[Opening Given entries section]

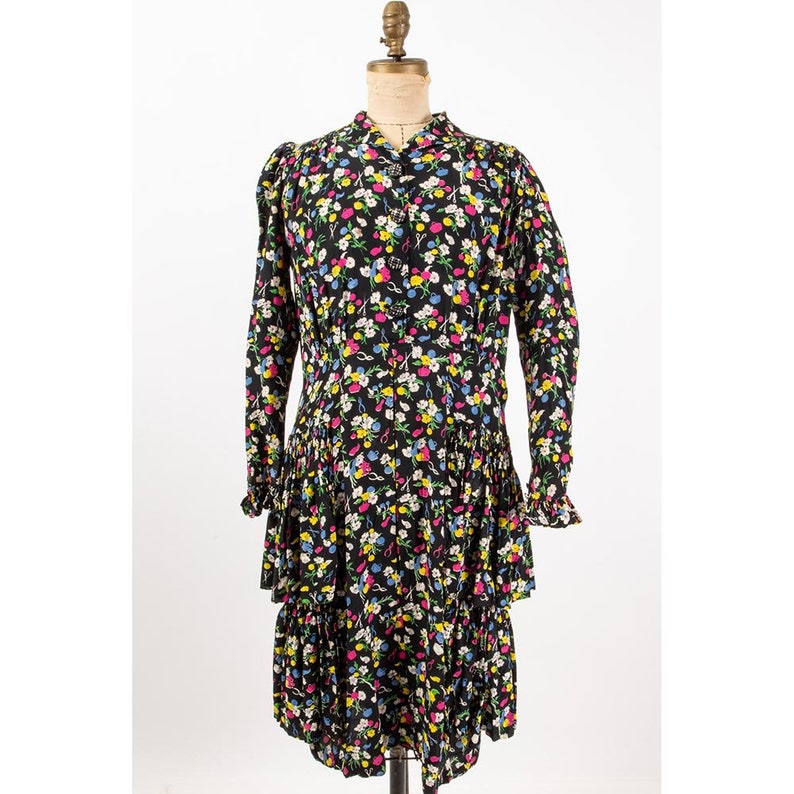1930s dress / Vintage novelty print silk dark floral / Gardening theme / M image 2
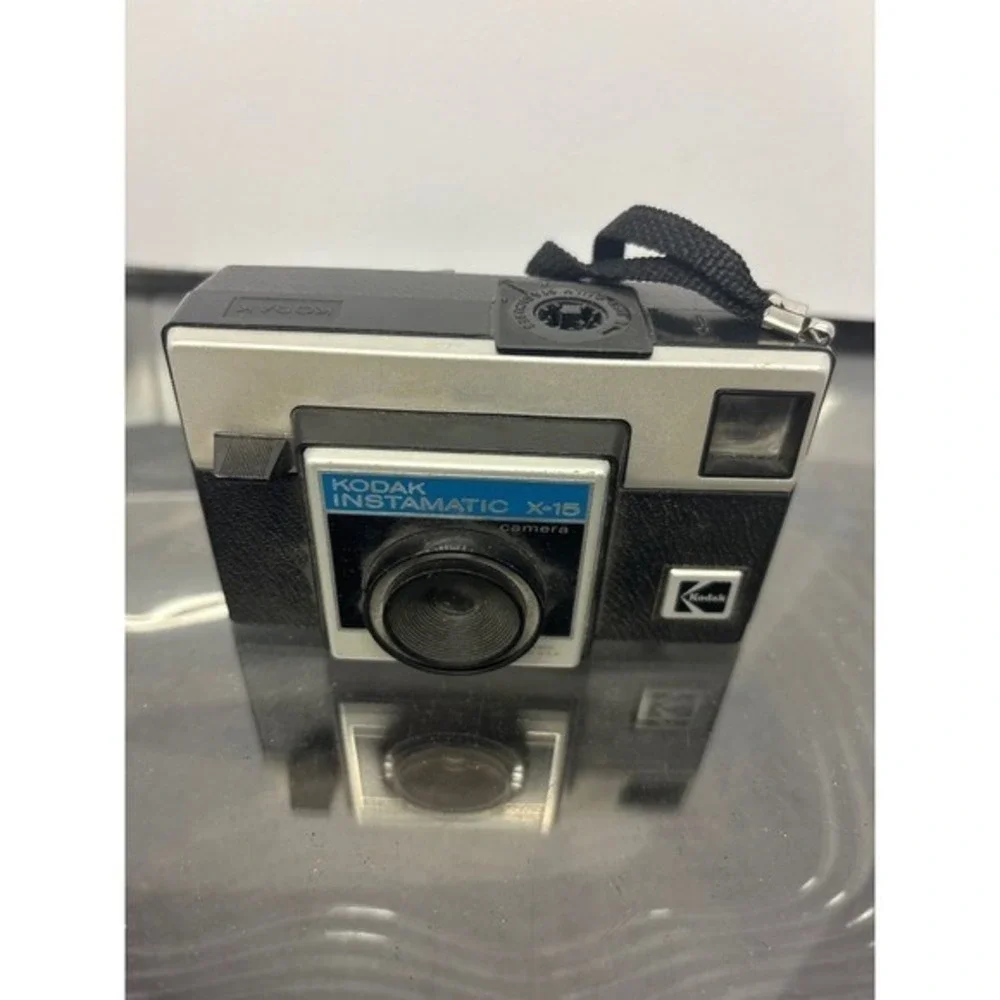 Kodak Instamatic X 15 Camera Black Silver Retro Vintage Film Camera untested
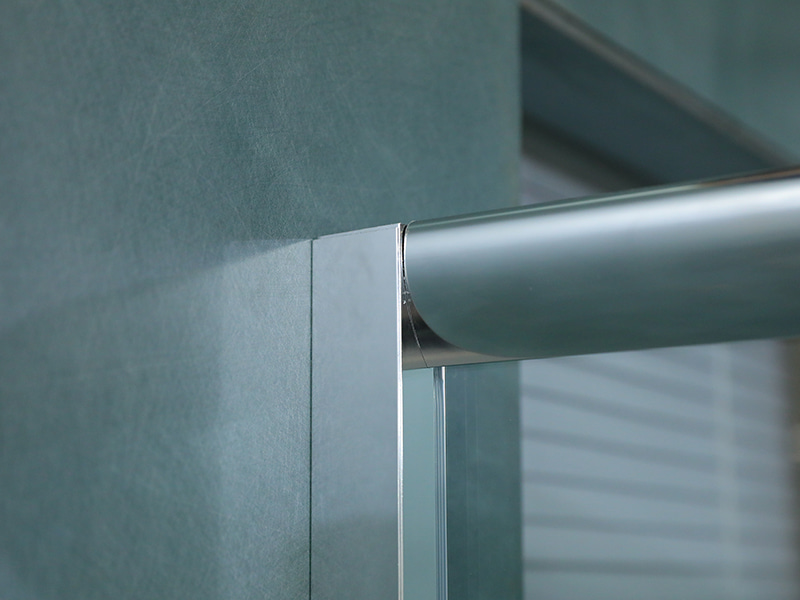 SE glidende brusekabine, klart hærdet glas med tryk, krom aluminiumsprofil, håndtag med dobbelte huller, med bakke SE glidende brusekabine, klart hærdet glas med tryk, krom aluminiumsprofil, håndtag med dobbelte huller, med bakke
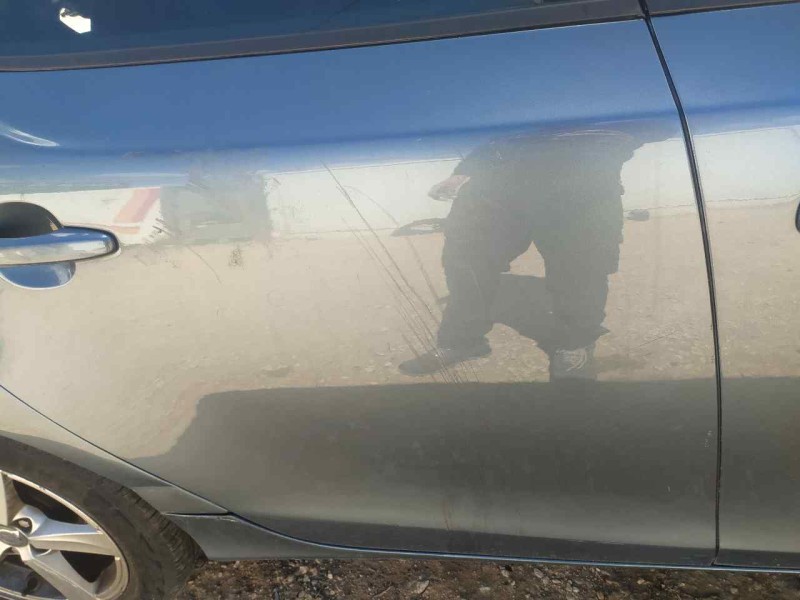 Recambio de puerta trasera derecha para volvo v40 hatchback (525) d3 referencia OEM IAM 32351000  ROZADA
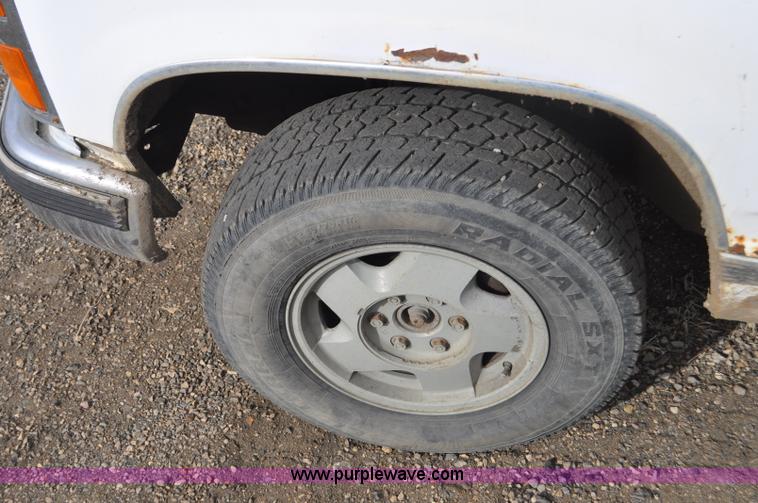image for item F2220 1992 Chevrolet 1500 Ext. Cab pickup truck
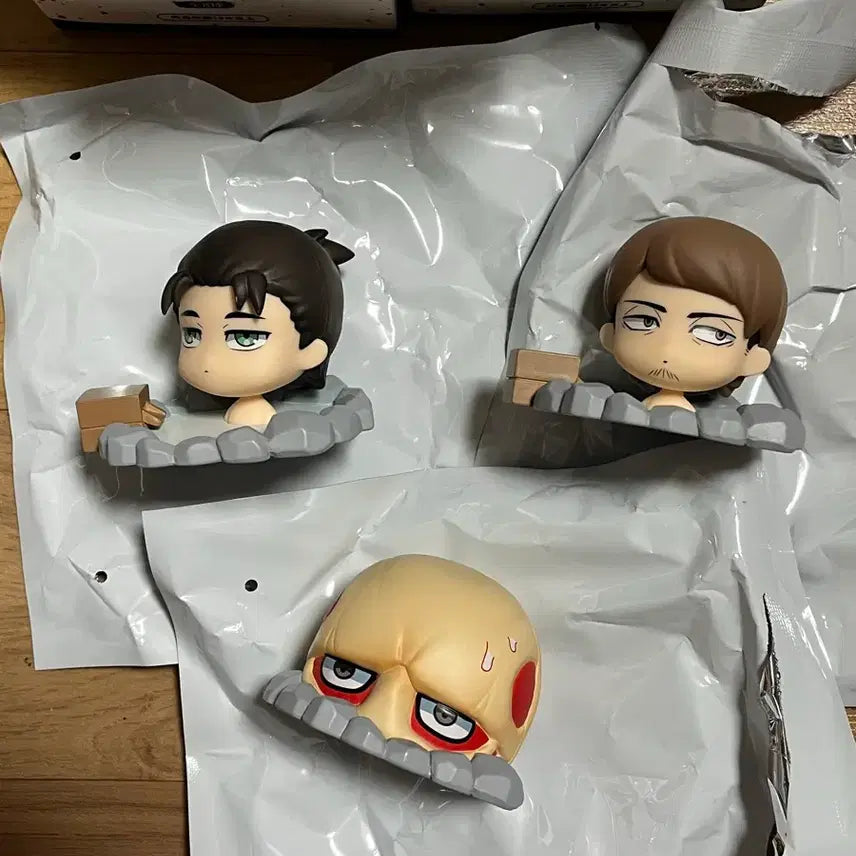[BUNJANG] Attack on Titan Onsen Figure Bundle Set (Eren, Jean, Colossal Titan) / 진격의거인 온천피규어 에렌+쟝+초대형거인 일괄판매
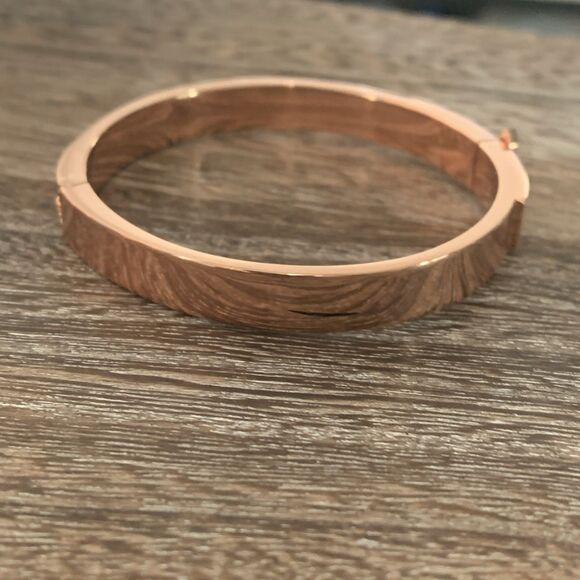 Stella & Dot Small Rebel Bangle Bracelet Rose Gold "You Do You" Quote Hinge NWOT - Picture 6 of 16
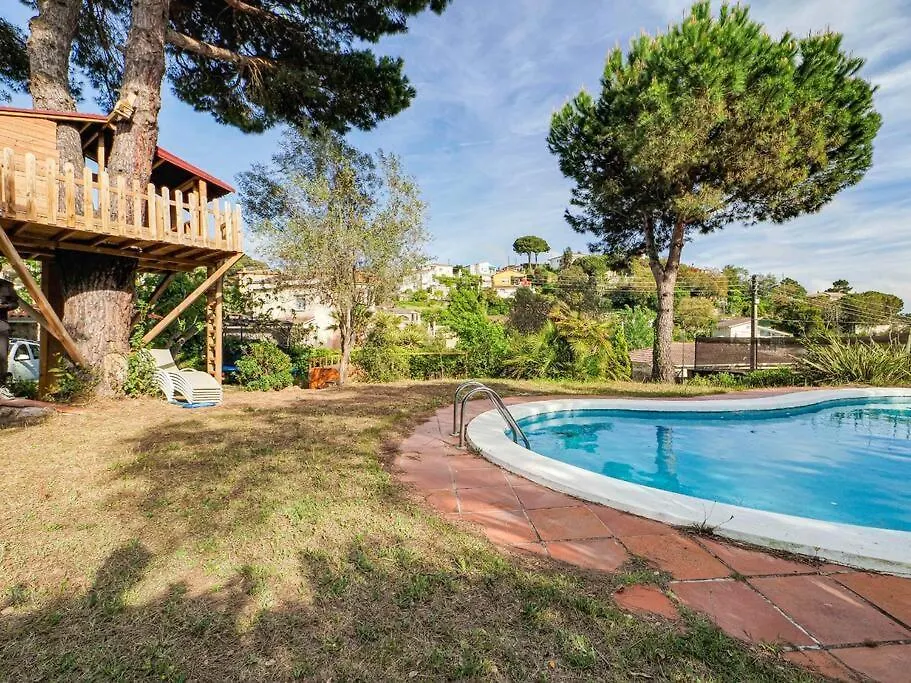 Villa Camelia: 12-Person Gran Villa with Pool and Kids' Treehouse Vidreres Spain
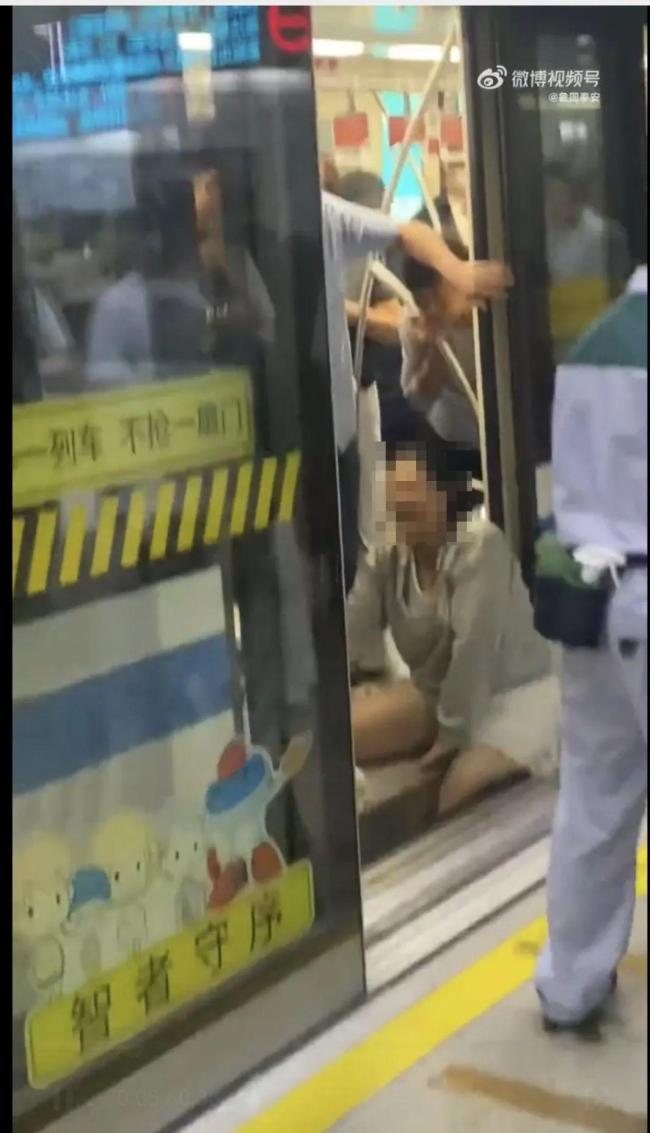 上海地铁回应乘客踩空腿卡缝隙 迅速救援确保安全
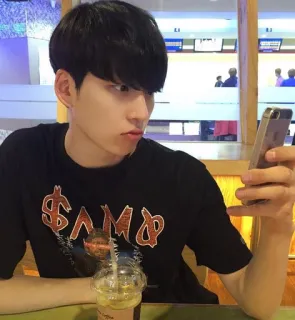 😐 LAMB pessoa, homem, camiseta preta, selfie, interior, bebida whatsapp sticker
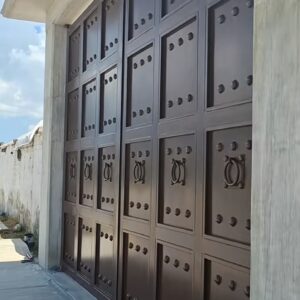 Portón en acero de alta durabilidad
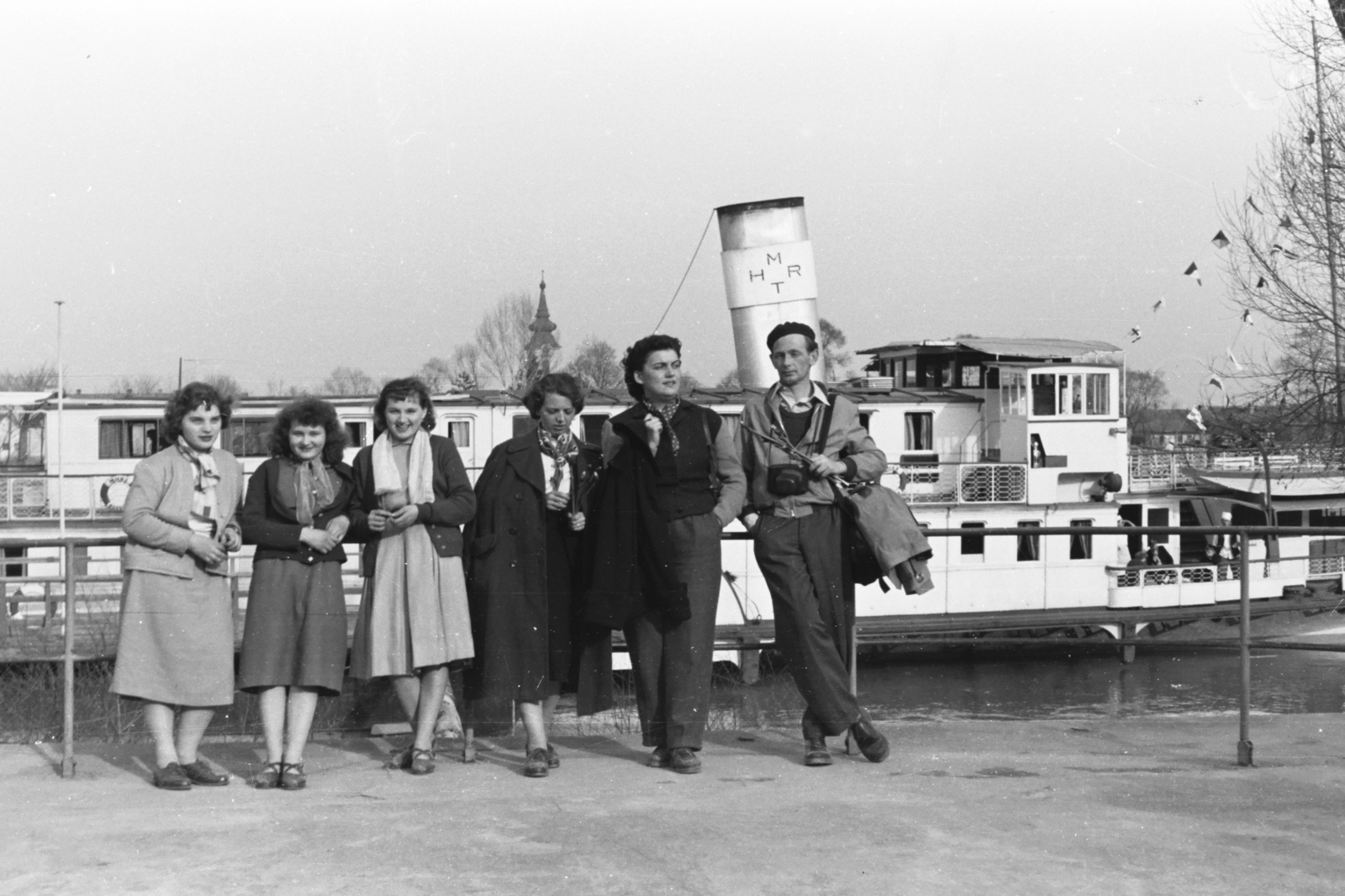 Hungary, Leányfalu, hajóállomás, a túlparton Pócsmegyer református temploma., 1959, Chuckyeager tumblr, steamboat, women, men, boat station, Danube, ship, Fortepan #175935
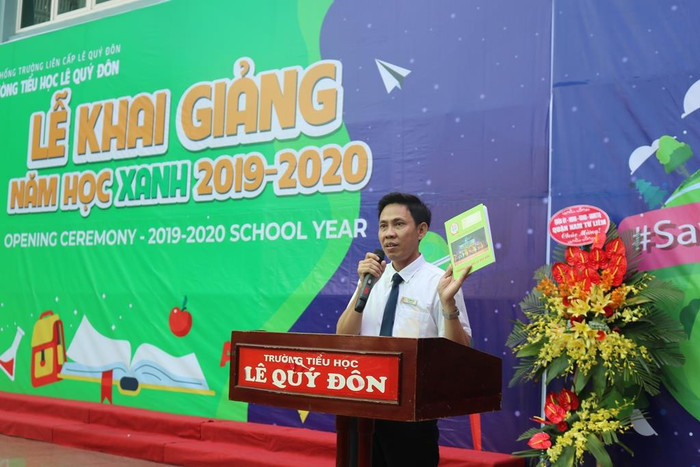 Thầy Tạ Như Việt - Hiệu trưởng Trường tiểu học Lê Quý Đôn cho biết, toàn bộ vở học sinh trong trường sẽ không bọc ni lông. Ảnh: Đỗ Thơm Thầy Tạ Như Việt - Hiệu trưởng Trường tiểu học Lê Quý Đôn cho biết, toàn bộ vở học sinh trong trường sẽ không bọc ni lông. Ảnh: Đỗ Thơm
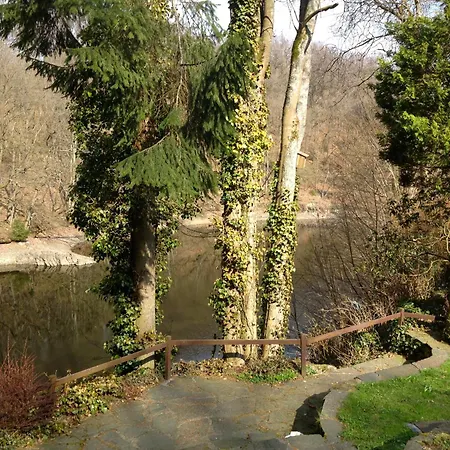 Domaine Heyen - Lakefront With Spacious Garden *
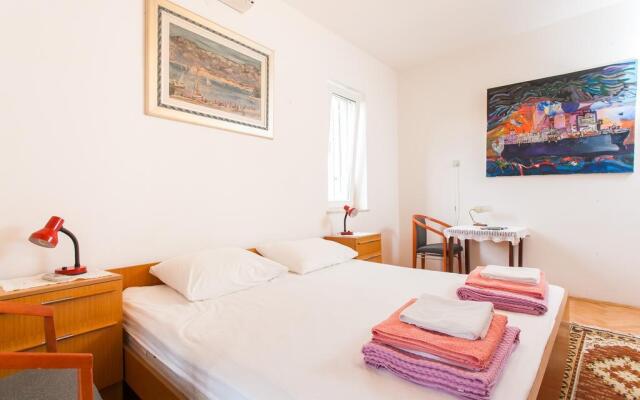 Apartments Miljak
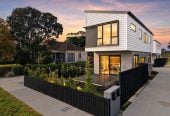 Standalone affordable 3 beds 2.5 baths home with car park, just a short stroll to Mount Albert / Owairaka Domain,, close to schools, shops, motorway access, 0.3 km to Owairaka District School, 46A Range View Road, Mt Albert, Auckland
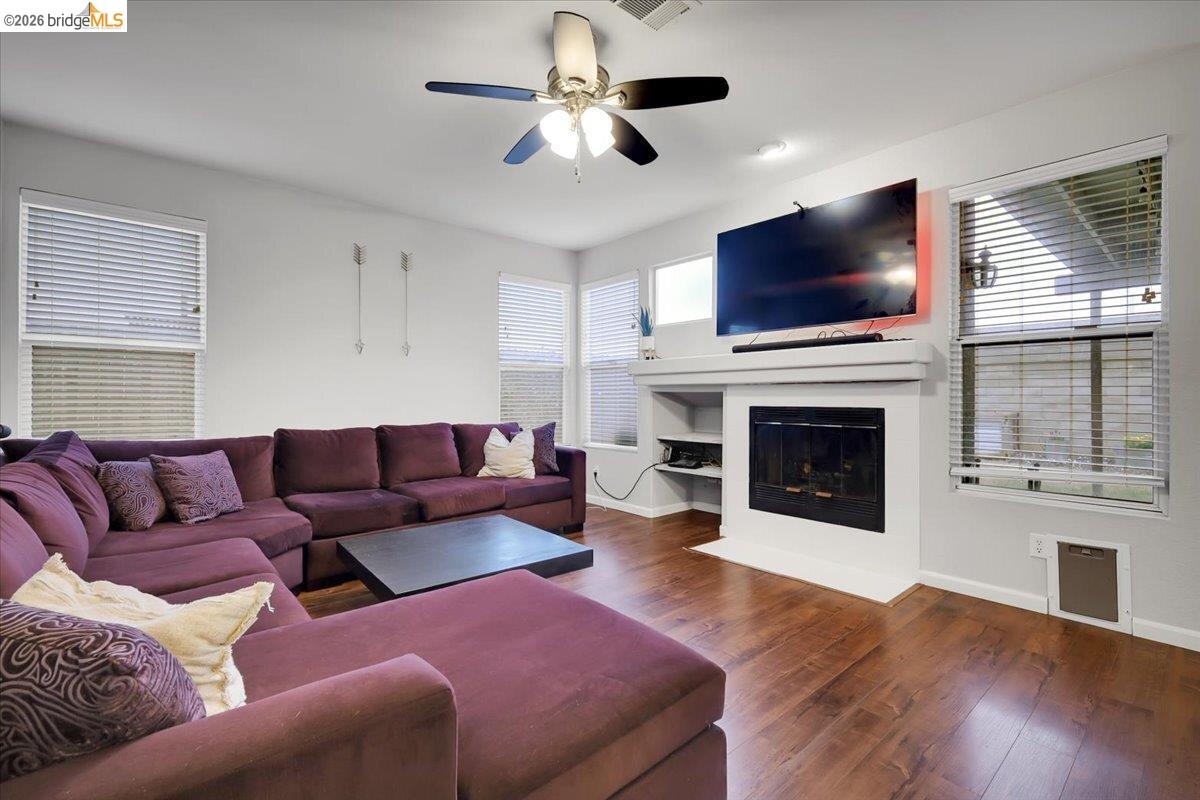 Detail Gallery Image 46 of 58 For 385 Farmington Cir, Roseville,  CA 95678 - 4 Beds | 2/1 Baths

[Closing Given entries section]

Problem statement: Word for word, reproduce the material above and omit each image.

Answer to this exercise:
1930s dress / Vintage novelty print silk dark floral / Gardening theme / M image 2
 Kodak Instamatic X 15 Camera Black Silver Retro Vintage Film Camera untested
 SE glidende brusekabine, klart hærdet glas med tryk, krom aluminiumsprofil, håndtag med dobbelte huller, med bakke SE glidende brusekabine, klart hærdet glas med tryk, krom aluminiumsprofil, håndtag med dobbelte huller, med bakke
 Recambio de puerta trasera derecha para volvo v40 hatchback (525) d3 referencia OEM IAM 32351000  ROZADA
image for item F2220 1992 Chevrolet 1500 Ext. Cab pickup truck
[BUNJANG] Attack on Titan Onsen Figure Bundle Set (Eren, Jean, Colossal Titan) / 진격의거인 온천피규어 에렌+쟝+초대형거인 일괄판매
 Stella & Dot Small Rebel Bangle Bracelet Rose Gold "You Do You" Quote Hinge NWOT - Picture 6 of 16
 Villa Camelia: 12-Person Gran Villa with Pool and Kids' Treehouse Vidreres Spain
 上海地铁回应乘客踩空腿卡缝隙 迅速救援确保安全
 😐 LAMB pessoa, homem, camiseta preta, selfie, interior, bebida whatsapp sticker
 Portón en acero de alta durabilidad
 Hungary, Leányfalu, hajóállomás, a túlparton Pócsmegyer református temploma., 1959, Chuckyeager tumblr, steamboat, women, men, boat station, Danube, ship, Fortepan #175935
 Thầy Tạ Như Việt - Hiệu trưởng Trường tiểu học Lê Quý Đôn cho biết, toàn bộ vở học sinh trong trường sẽ không bọc ni lông. Ảnh: Đỗ Thơm Thầy Tạ Như Việt - Hiệu trưởng Trường tiểu học Lê Quý Đôn cho biết, toàn bộ vở học sinh trong trường sẽ không bọc ni lông. Ảnh: Đỗ Thơm
 Domaine Heyen - Lakefront With Spacious Garden *
 Apartments Miljak
 Standalone affordable 3 beds 2.5 baths home with car park, just a short stroll to Mount Albert / Owairaka Domain,, close to schools, shops, motorway access, 0.3 km to Owairaka District School, 46A Range View Road, Mt Albert, Auckland
 Detail Gallery Image 46 of 58 For 385 Farmington Cir, Roseville,  CA 95678 - 4 Beds | 2/1 Baths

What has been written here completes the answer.